I DON’T WANT TO DIE ALONE

Lord, please don’t let me die alone
Without knowing family, friends, or a home
I ask that you give me some hope, peace, and rest
I have survived each challenge while cleaning up each ugly mess

As I sit here my heart is filled with unshed tears
If I let them out now Lord, they will release all my fears
I have no one to talk to, I want to take my life
My heart is so filled with sorrow and I am so tired of this fight

I know I've made it this far and as I try to hang on
I am blessed with your comfort, at least until the dawn
I am alone in my sadness, isolated and in pain
The more I fight for medical help Lord, the more that I am maimed

Lord, why didn’t you take me two years ago
Was there something else on my journey I’m supposed to know?
This depression that I'm feeling is only taking me down
I am feeling shaky, feeling lost, I cannot find solid ground

Dear Lord, I do not want to die alone
If my body shuts down, I will die an unknown
Fill my heart with some peace, please help me feel brave
Please hold my hand tighter, don't let this bed become my grave…

1985

I found this poem I wrote while going through medical madness and dealing with the Workers Compensation's perception that the broken rib I had was "PSTD". Β I'm not the only one who feels this way, being stuck in a system that is failing us daily and trying to wipe us off the map.

Decisions are now being made that injured worker's injuries are a result of aging and they are cutting wages in half just as quickly. Β Something has to be done about this corrupt system.

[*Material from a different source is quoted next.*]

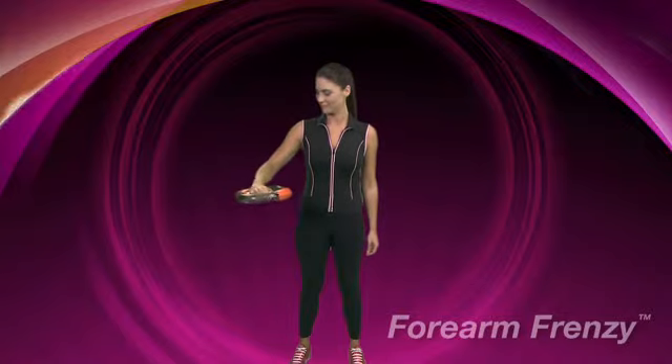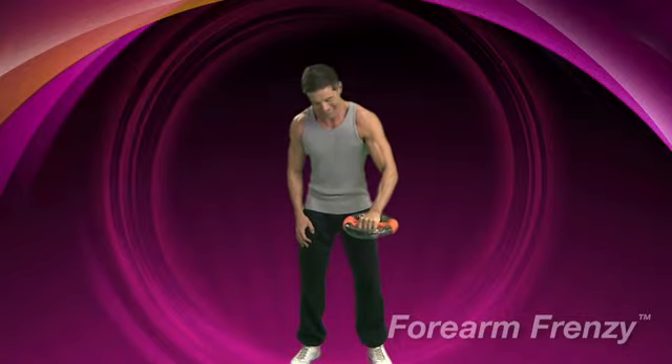It won't be long until you feel the burn in your bicep, tricep, and forearm. Repeat using the left arm and continue until you can spin no more.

The more people that speak out and break their silence, the more changes we can make.....

Our injuries won't change by some miracle...I wish. We shouldn't have to worry about our future while dealing with injuries and depression. Never give up, and never back down.

I survived despite being misdiagnosed and electrocuted by faulty medical devices....God put me here and he is the only one who will say when I leave. I use to pray for death, now I pray for life and each moment I am given is the most precious gift I could have.

I'm not a victim, but a victim of circumstance...and I'm changing those circumstances.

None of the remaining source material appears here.